中国・雲南省といえば、京大学士山岳会の大量遭難で有名になった梅里雪山(メイリー・シュエシャン=6,740m)をはじめ、岩壁を張り巡らした玉龍雪山(ユーロン・シュエシャン=5,596m)など魅力的な山々があることで知られる。
25もの少数民族がおり、貴重な動植物の宝庫でもある。なかでもトラやヒョウ、ヤマネコなどネコ科動物の棲息地ゆえに、トラを自分たちの祖先としている一部の少数民族さえいるのは興味深い。

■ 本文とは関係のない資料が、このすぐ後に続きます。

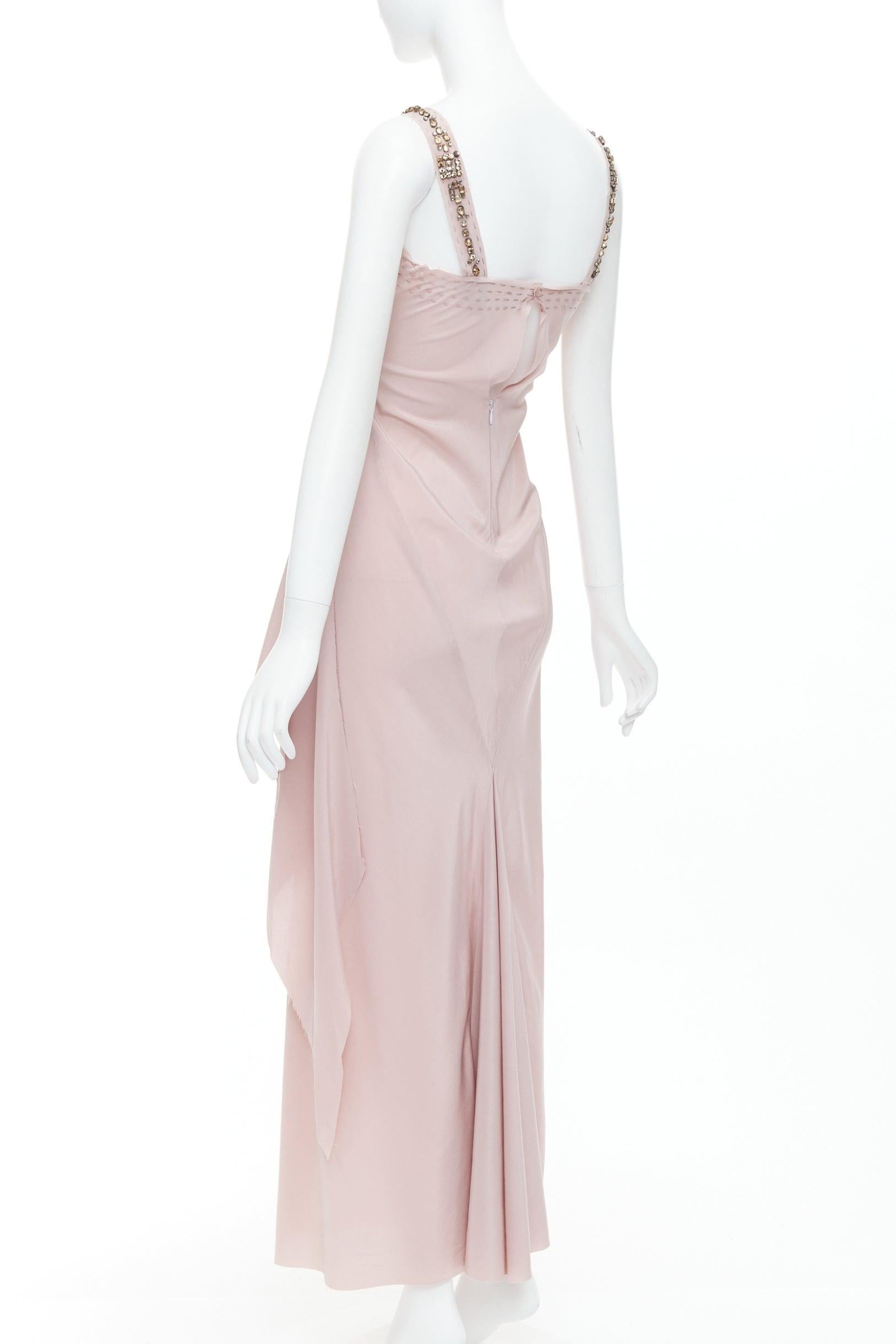 Women's LANVIN 2005 100% silk blush pink crystal cascade drape evening gown FR38 M
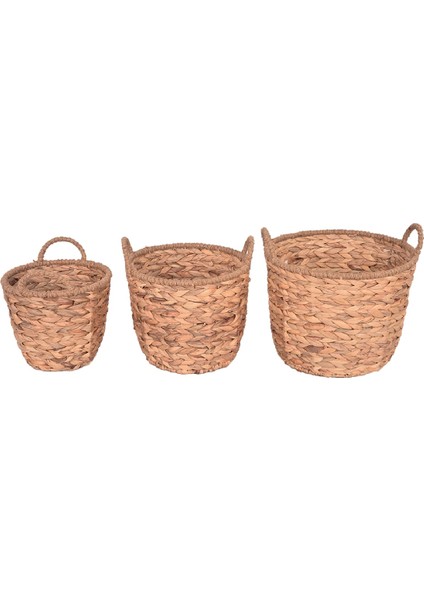 Dekoratif Saklama Sepeti Hasır Water Hyacinth / Su Sümbülü Yuvarlak 3'lü Takım Set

動物が人間になりすまして人を襲うという伝承は中国に多いが、代表的なのが「虎人伝説」だ。これらの伝承を残した漢民族からすれば、雲南は辺境で異端の地であり、トラを祖先とするような少数民族を畏怖し、妖怪視したのではないかと妖怪研究家・多田克巳氏は書いている(季刊「怪」第壱号・「雲南で発見する日本妖怪のルーツ」)。
虎と同様に人を襲う猛獣で、大きな山猫の総称を中国では「狸(り)」と呼び、日本の猫股や化け猫伝説の原型をなしたといわれる。狸(り)は、ネコ科猛獣のいない日本では狸(タヌキ)と同一視されたが、いかんせんタヌキでは妖怪としての迫力に乏しく、猫股や化け猫に変化していったというわけだ。
動物民話の豊富な雲南にも、猫にちなむ山があるはずだと思っていたら、同じく雲南の動物地名に興味を持った今村余志雄氏が、著書『猫談義』の中ですでに調べていた。無量山脈の最高峰で猫頭山(Maotou Shan=3,306m)という猫山の親分みたいな山があるのだ。
中国登山ガイド本の『中国登山指南』(中国・成都地図出版社、1993)に載る地図で見ると、この山は省都・昆明(クンミン)から西南西に約200キロほど離れたところに位置する。「猫の頭」というのがなかなかいい。山名の由来はどういうことなのだろうか。頂上付近に猫の耳のような岩峰でもあるのか、あるいはかつてヤマネコがたくさん棲んでいて、親分ネコの住処だったのか。
いずれにしても、雲南の山と猫に関する自分の情報は前出の本に記された範囲を出ないので、今後調べていくことにしたい。91年にパミールにでかけたあと、次に登ってみたい海外の山として中国、特に四川や雲南に惹かれたのは、猫山の総本山が呼んでいたからなのかもしれない。